In contrast to this common disease-common variant hypothesis, rare genetic variants of moderate to large effect size have been found in a proportion of case subjects with other psychiatric disorders, such as schizophrenia and autism (12). So far, most such variants have been chromosomal aberrations and copy number variants (CNVs), deletions and duplications that encompass relatively large genomic segments spanning 1 kb to several megabases in size. Depending on their location, CNVs can influence gene expression through gene dosage effects or can directly influence protein function by excising or duplicating functional domains.
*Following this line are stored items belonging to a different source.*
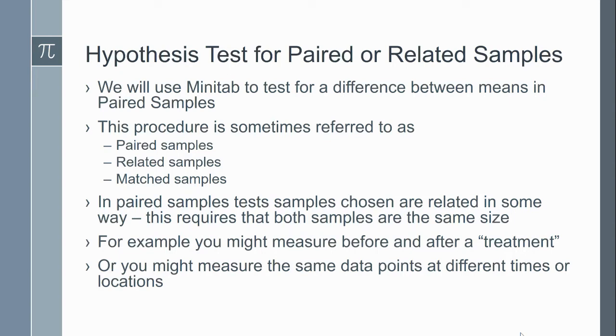I'm going to do a demonstration of a matched or paired samples test using Minitab. This test is sometimes called paired samples, related samples, or matched samples, so you'll see it referred to differently in different textbooks.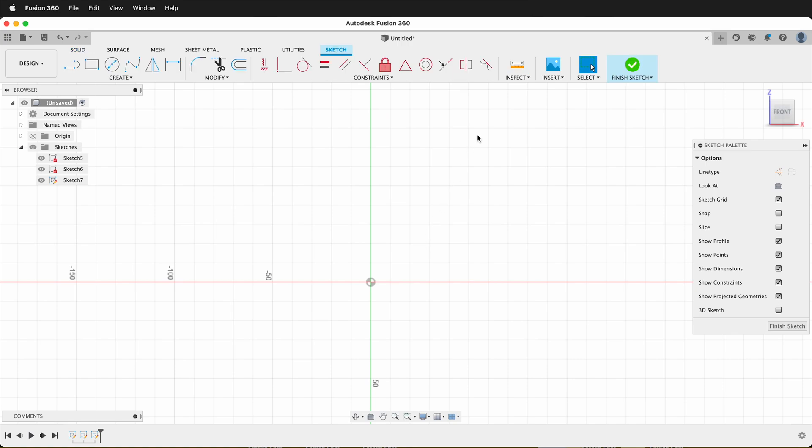The reason for this is if you're doing 3D Sketch, Fusion doesn't know what plane you want to look at, so it doesn't look at anything. But if you don't have 3D Sketch selected, then it'll automatically look at your sketch.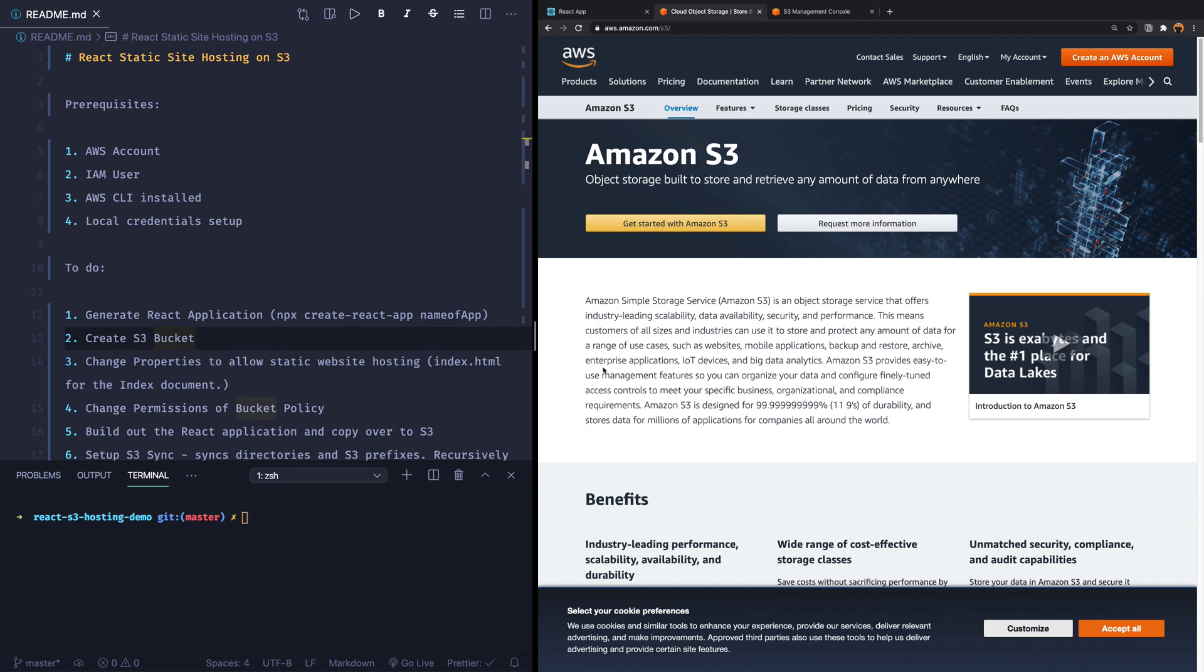Hello there. A while ago, I recorded a video on how to host a static website on AWS Amplify. In that video, we looked at hosting a React application on the Amplify service. Now, AWS has many ways of hosting static websites, and one of those is S3, and that is what I want to look at in this video.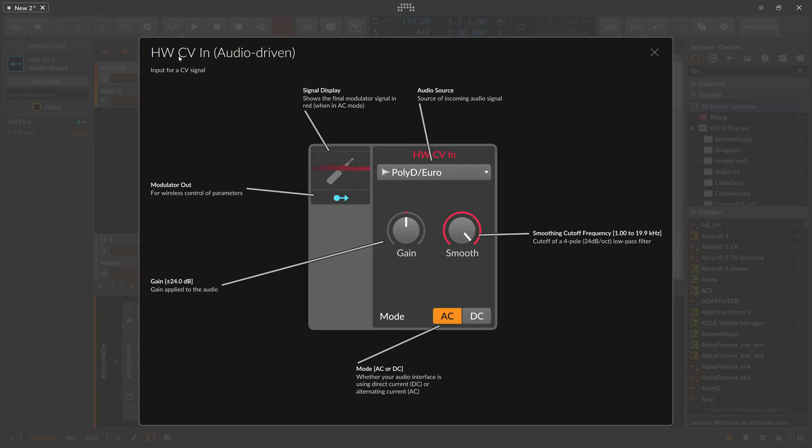The HW CV input modulator, or hardware control voltage input modulator, is something you probably want to use in combination with your Eurorack because the Eurorack usually uses control voltages to communicate with modules and, in this case, even with your Bitwig Studio.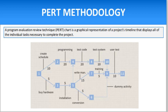A project manager creates a PERT chart in order to analyze all of a project's tasks while estimating the amount of time required to complete each one. Using this information, the project manager can estimate the minimum amount of time required to complete the entire project. This information also helps the manager develop a project budget and determine the resources necessary to accomplish the project.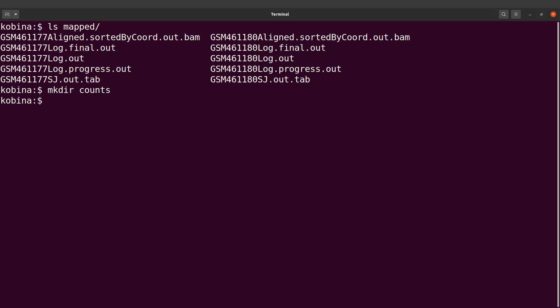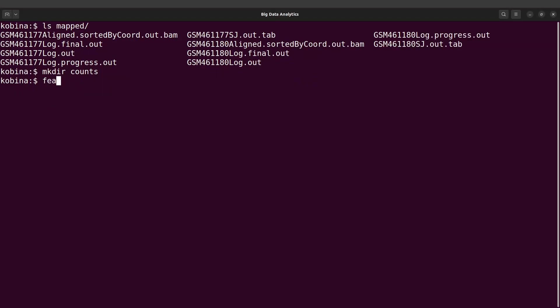We will say featureCounts and then specify -T 8 to set the number of threads. We will now specify -S 0. The -S option is used to specify the strandedness, and here zero means unstranded.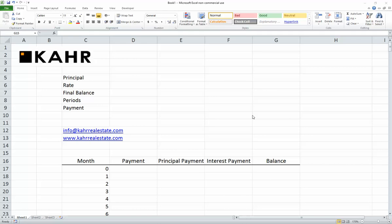Hello, I'm Joshua Carr, and today we're going to talk about how to build a simple amortization schedule. You could use this to do a mortgage, car payments, student loans — you get the idea.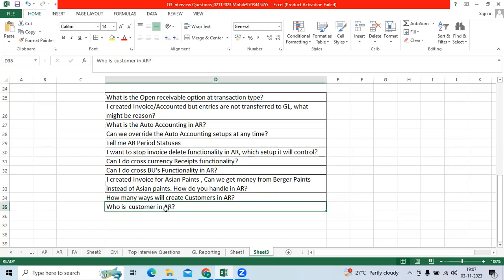Customer is nothing but person or organization who can take goods and services from us on credit basis. We can call customer, we can call debtor, we can call open receivable customers, outstanding customers.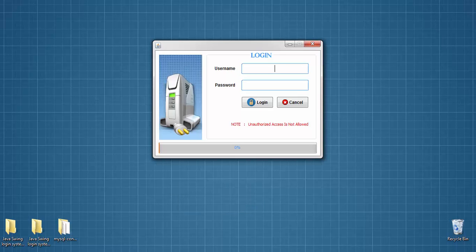Hey, this is Mohammed Faizan and I will be the instructor of this course. In this course, I will show you how to create a login system or login GUI application in Java Swing with MySQL database.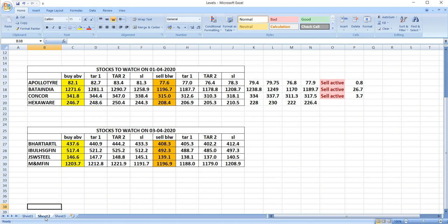On April 3rd, we can watch Bharati Airtel, India Bull Housing Finance, JSW Steel, and M&M Finance. These are cash levels, so watch and trade safely.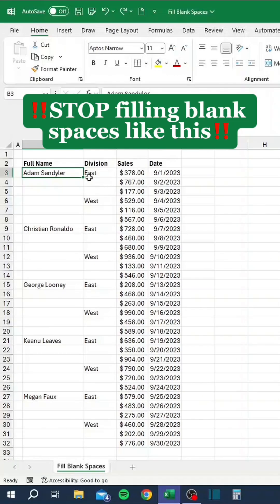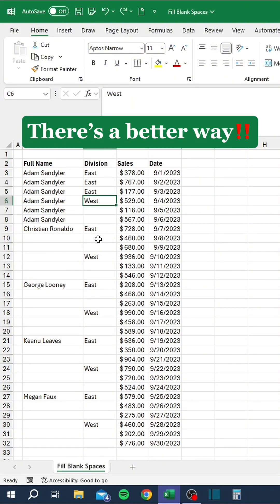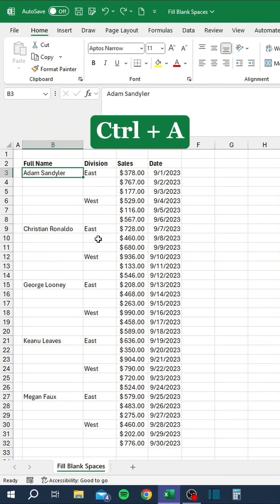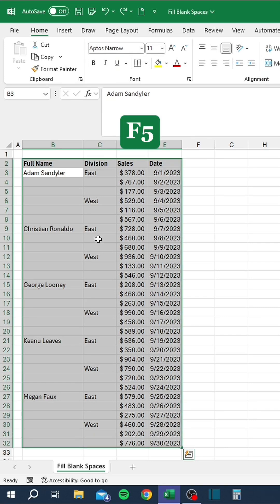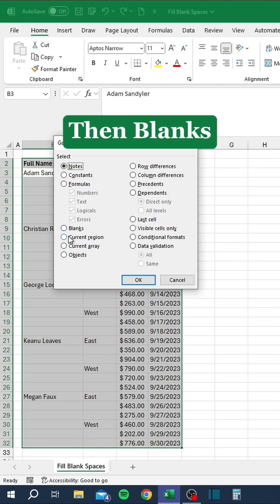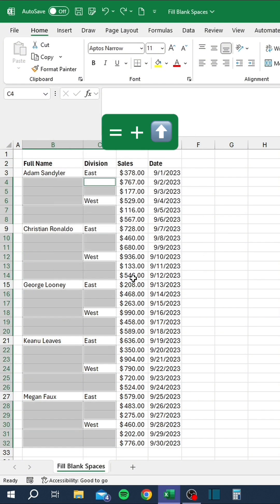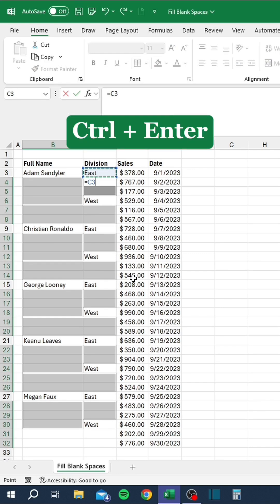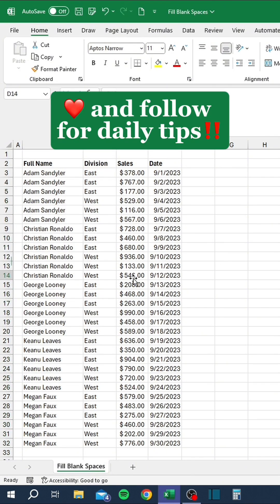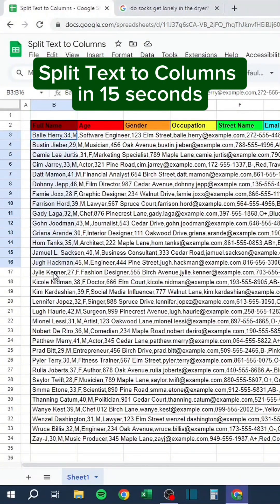Stop filling blank spaces like this — there's a better way. Press Ctrl+A, then F5, go to Special, then Blanks, press OK. Type equals and press the up arrow, then press Ctrl+Enter.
In ADHD, large, rare chromosomal aberrations have been reported to increase the risk for ADHD—for example, through the 22q11 deletion syndrome (40%–45% of patients with this syndrome have ADHD) [13]—as have rare chromosomal alterations, including a translocation involving SLC9A9 cosegregating with ADHD in an extended pedigree (14). The first published genome-wide analysis of CNVs in ADHD, which studied 335 ADHD child-parent trios and 2,026 healthy comparison subjects, failed to identify significant evidence for a higher rate of CNVs in patients (15). The study did, however, describe a number of the rare CNVs identified in ADHD patients, which spanned some intriguing candidate genes. A relatively large number of the CNVs occurred at loci that had previously been implicated in other disorders, especially autism, schizophrenia, and Tourette's syndrome. A second CNV study analyzed 99 ADHD patients (16) and identified a duplication of the neuropeptide Y gene (NPY) cosegregating with disease in an extended pedigree. A recent genome-wide study of CNVs in ADHD (17), in which 366 children with ADHD and 1,047 comparison subjects were analyzed, found evidence for an overall increased burden of large, rare CNVs in the ADHD patients, which were also significantly enriched at loci that had previously been implicated in autism and schizophrenia. Moreover, locus-specific analysis revealed significant evidence that duplications at 16p13.11 were associated with ADHD, a finding that was replicated in an additional 825 patients and 35,243 comparison subjects. The most recent study (18) investigated 248 children with ADHD and their parents and observed de novo CNVs in 1.7% of the children and inherited CNVs in genes previously linked to ADHD or other neurodevelopmental disorders in 8%.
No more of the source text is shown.